Shih-Li Kow est une écrivaine Malaisienne, d’origine Chinoise. « La somme de nos folies » est son premier roman, sept ans après publication de « Ripples », son recueil de nouvelles qui avait été nominé au Commonwealth Writers’ Prize. Certainement partie de son expérience de la communauté chinoise immigrée, Shih-Li Kow nous dépeint une Malaisie multiculturelle, au carrefour de la Thaïlande, la Chine, et l’Inde.

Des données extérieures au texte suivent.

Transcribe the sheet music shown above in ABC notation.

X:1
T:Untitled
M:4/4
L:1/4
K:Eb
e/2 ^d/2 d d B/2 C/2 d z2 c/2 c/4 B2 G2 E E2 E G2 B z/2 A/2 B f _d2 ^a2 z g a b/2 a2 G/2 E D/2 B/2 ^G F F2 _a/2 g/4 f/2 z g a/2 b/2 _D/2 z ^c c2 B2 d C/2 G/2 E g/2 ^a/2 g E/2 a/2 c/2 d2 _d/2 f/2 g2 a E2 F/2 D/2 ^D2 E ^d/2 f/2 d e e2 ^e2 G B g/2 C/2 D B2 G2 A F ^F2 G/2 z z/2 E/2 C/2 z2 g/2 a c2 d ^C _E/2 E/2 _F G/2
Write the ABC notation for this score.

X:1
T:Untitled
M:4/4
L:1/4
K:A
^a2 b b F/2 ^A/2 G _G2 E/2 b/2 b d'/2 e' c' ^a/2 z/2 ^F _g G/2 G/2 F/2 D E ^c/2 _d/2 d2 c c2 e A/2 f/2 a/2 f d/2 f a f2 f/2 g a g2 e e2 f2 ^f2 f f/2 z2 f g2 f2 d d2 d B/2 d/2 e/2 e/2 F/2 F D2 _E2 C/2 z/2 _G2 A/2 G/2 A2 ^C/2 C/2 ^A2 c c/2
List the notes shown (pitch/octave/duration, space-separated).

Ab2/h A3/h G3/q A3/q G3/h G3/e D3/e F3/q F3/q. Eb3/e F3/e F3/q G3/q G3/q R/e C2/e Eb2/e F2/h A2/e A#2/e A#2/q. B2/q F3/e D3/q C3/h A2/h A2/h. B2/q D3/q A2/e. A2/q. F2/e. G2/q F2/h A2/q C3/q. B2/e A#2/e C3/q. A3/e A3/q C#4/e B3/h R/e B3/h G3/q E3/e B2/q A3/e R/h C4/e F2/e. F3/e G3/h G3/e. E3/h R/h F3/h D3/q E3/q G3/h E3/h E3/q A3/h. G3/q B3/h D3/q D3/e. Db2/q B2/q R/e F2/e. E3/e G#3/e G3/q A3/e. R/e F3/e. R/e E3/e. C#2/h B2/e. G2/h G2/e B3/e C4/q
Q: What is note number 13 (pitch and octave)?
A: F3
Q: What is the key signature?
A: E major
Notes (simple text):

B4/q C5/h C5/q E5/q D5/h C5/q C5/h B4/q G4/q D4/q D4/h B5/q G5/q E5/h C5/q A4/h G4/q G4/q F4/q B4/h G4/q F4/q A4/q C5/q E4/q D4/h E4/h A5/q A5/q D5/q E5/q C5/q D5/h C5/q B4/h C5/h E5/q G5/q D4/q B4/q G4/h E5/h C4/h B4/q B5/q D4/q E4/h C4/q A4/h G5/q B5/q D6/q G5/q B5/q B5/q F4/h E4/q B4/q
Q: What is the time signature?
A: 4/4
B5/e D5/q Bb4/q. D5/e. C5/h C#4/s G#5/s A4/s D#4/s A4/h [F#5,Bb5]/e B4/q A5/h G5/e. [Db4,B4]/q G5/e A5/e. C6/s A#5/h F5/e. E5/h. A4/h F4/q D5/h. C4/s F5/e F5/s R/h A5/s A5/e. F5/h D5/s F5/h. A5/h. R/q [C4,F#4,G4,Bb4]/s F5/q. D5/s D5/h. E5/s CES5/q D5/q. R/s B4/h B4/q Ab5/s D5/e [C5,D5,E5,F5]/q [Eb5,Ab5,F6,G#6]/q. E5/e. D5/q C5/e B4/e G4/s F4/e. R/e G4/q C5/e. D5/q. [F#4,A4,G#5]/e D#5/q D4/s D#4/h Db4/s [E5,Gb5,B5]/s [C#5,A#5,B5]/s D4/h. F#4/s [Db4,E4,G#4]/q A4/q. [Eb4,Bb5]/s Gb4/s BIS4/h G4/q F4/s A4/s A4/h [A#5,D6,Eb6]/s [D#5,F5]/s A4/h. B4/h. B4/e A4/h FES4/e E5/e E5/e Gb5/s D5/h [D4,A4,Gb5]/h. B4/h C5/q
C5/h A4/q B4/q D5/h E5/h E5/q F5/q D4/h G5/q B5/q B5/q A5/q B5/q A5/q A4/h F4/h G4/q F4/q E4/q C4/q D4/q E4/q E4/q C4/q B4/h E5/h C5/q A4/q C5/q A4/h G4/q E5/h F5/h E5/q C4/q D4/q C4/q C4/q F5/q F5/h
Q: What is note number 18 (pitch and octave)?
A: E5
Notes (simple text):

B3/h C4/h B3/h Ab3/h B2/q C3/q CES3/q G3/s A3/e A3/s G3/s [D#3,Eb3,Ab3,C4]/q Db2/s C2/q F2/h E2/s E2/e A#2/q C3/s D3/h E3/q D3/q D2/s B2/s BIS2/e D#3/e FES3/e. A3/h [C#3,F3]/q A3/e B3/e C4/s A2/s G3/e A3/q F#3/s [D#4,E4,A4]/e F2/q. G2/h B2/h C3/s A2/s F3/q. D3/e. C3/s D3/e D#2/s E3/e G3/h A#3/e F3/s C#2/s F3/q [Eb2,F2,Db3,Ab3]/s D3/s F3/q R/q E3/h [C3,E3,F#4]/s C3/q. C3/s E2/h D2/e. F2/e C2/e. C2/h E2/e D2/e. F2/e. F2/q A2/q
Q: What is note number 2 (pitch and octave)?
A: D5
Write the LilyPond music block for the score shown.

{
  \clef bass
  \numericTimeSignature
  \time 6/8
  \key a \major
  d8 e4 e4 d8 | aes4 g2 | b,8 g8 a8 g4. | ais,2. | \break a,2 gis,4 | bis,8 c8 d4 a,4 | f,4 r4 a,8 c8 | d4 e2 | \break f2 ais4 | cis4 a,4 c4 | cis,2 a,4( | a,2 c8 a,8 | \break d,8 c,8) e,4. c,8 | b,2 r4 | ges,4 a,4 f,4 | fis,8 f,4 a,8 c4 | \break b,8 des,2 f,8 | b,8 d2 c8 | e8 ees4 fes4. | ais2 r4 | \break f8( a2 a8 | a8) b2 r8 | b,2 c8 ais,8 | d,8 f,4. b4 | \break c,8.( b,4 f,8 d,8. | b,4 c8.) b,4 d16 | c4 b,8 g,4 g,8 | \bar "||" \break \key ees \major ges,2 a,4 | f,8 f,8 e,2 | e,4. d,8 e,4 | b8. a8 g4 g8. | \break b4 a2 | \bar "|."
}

Une cuvette entre deux rivières, et trois lacs

Petite bourgade au nord de Kuala Lumpur, Lubok Sayong nous offre bien des curiosités sociales, humaines et naturelles. Située dans une cuvette à la croisée de deux rivières et trois lacs, Lubok Sayong est le spectacle de pluies torrentielles, de crues et d’inondations mémorables. Magnifique de résilience face aux fatalités climatiques et géographiques, Lubok Sayong reste malgré tout une ville charmante aux yeux d’Auyong et Mary Ann qui nous narrent tour à tour une délicate fable romanesque. Auyong, vieil homme Chinois à la retraite, désormais directeur de la conserverie de litchis locale, erre à travers les pages. C’est un personnage sage et présent quand il le faut. Ami fidèle et taiseux, il accompagne la flamboyante Mami Beevi tout au long du roman, notamment dans la transformation de sa Grande Maison de famille en une résidence d’hôtes pleine de magie, chargée de reliques et d’anecdotes. Aussi, Auyong l’accompagnera dans l’éducation de Mary Ann, jeune orpheline de 11 ans recueillie par Beevi, qui se révèle être d’une bonté et naïveté sans pareilles. Auyong et Mary Ann, malgré leurs 50 années d’écart sont bien semblables. Tous deux sont partis de Kuala Lumpur, la grande, l’hyperactive, avec ses gratte-ciel, ses food-corners, sa pléthore de start-up techies et de touristes à la recherche d’exotisme (et de confort 5 étoiles).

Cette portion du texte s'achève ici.